• _Task_:
Output exactly, in the material below, the lines from the one with "Vente chaude - Panneaux" through the one with "MacBook Pro M1 14". Omit all pictures.

• _Raw data_:
══════════

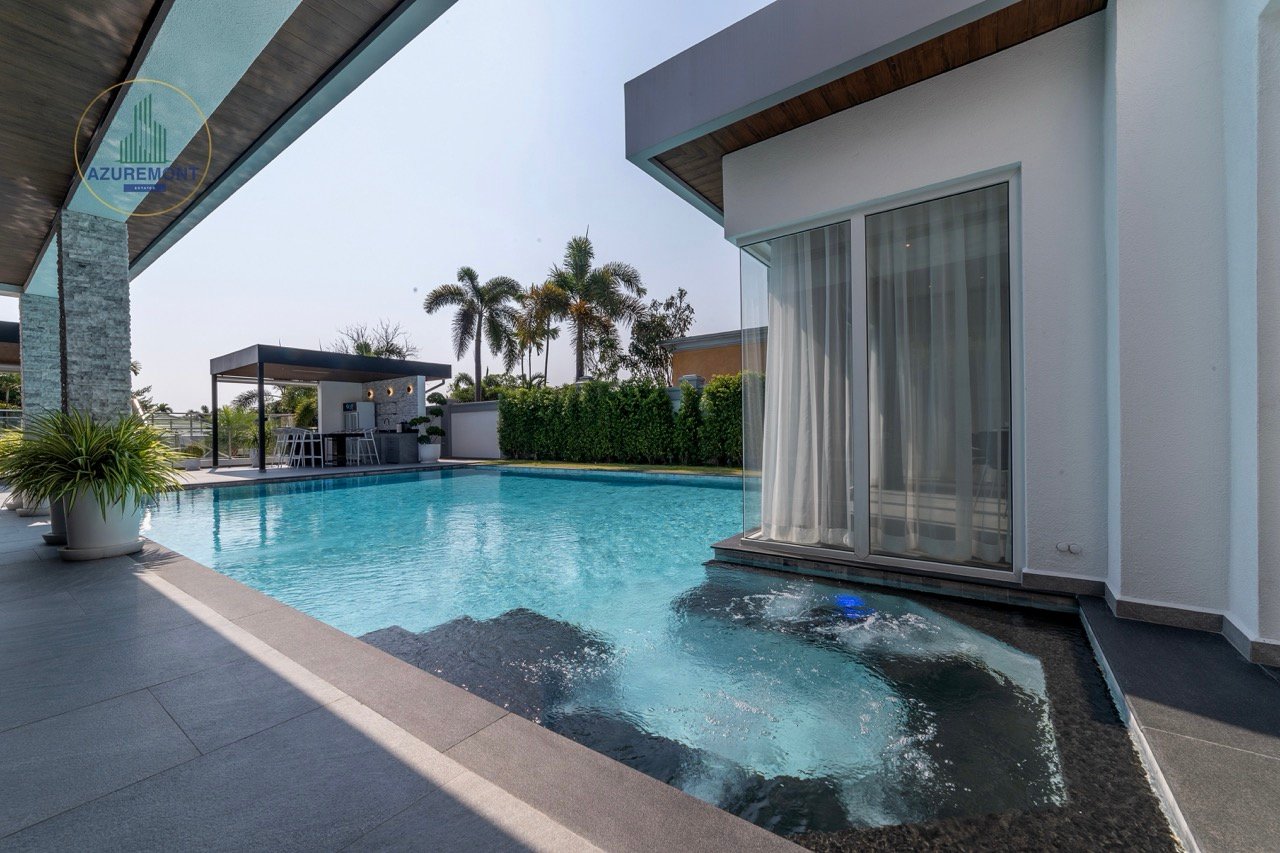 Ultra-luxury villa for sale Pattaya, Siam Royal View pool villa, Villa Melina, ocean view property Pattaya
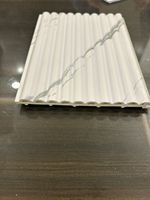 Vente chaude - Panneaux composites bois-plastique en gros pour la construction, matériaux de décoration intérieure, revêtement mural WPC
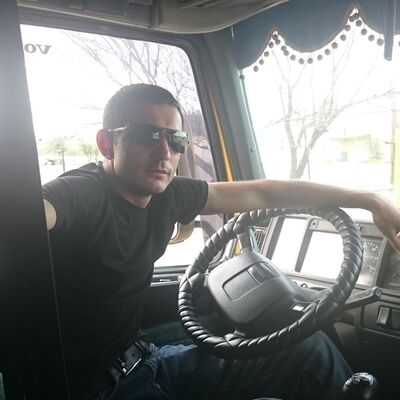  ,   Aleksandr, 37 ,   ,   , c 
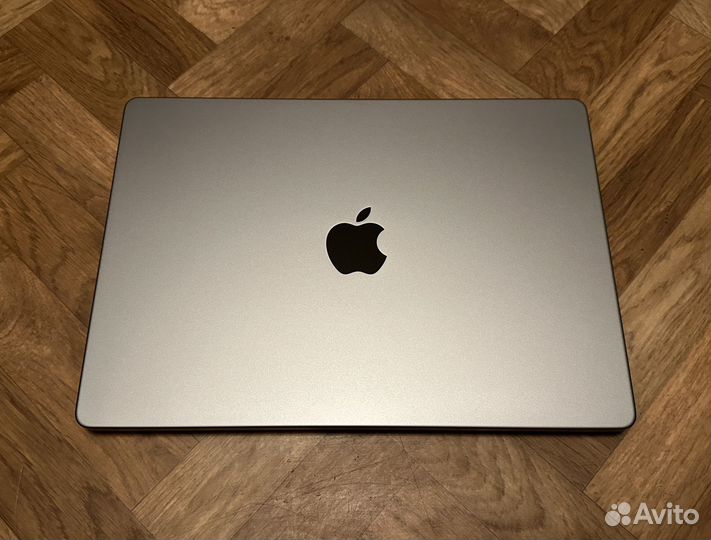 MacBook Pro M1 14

══════════

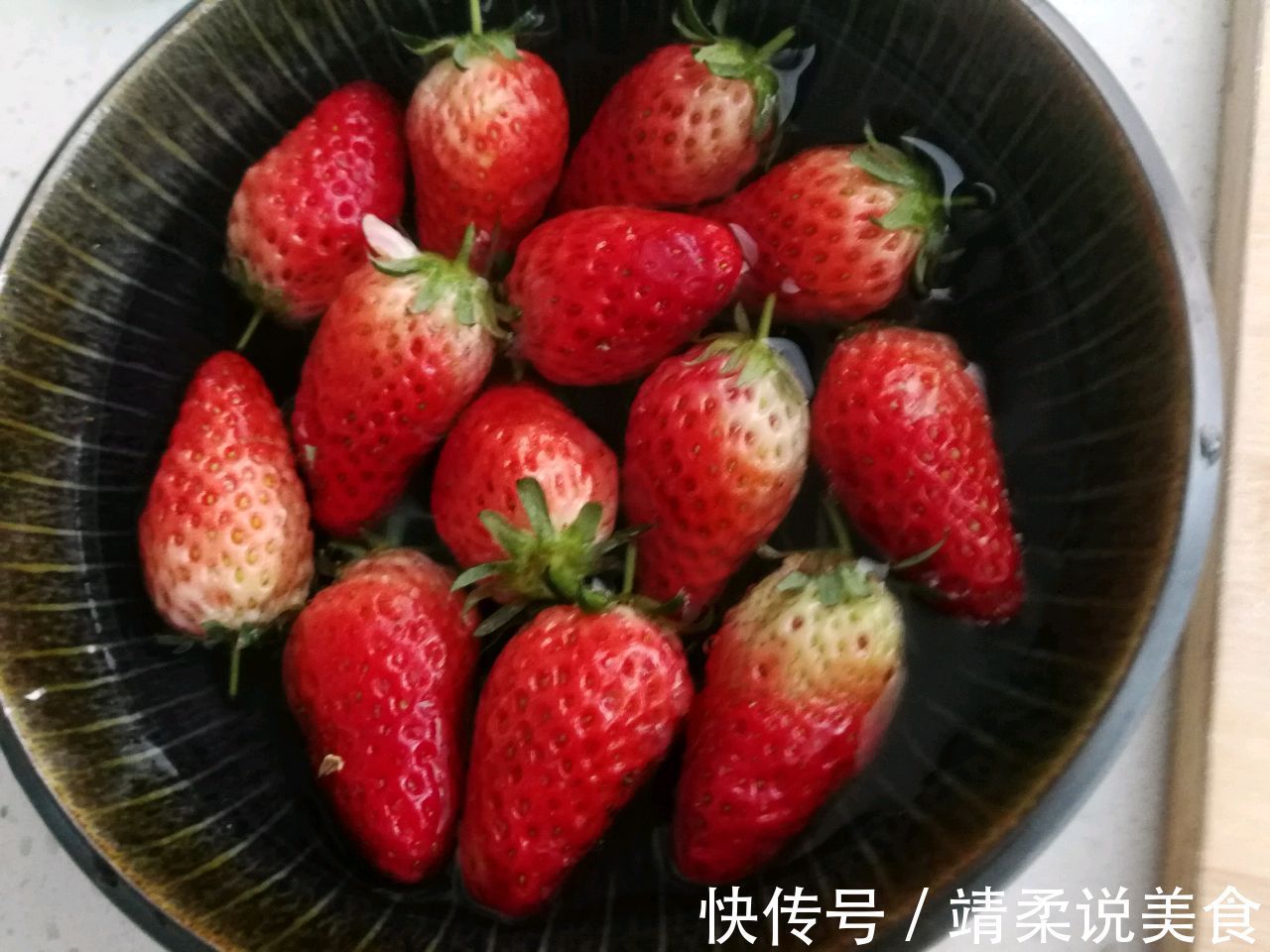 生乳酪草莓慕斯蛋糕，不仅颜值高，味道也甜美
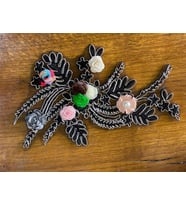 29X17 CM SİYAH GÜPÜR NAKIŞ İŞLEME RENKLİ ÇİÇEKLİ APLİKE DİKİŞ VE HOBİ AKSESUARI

══════════

• _Completed task_:
 Vente chaude - Panneaux composites bois-plastique en gros pour la construction, matériaux de décoration intérieure, revêtement mural WPC
  ,   Aleksandr, 37 ,   ,   , c 
 MacBook Pro M1 14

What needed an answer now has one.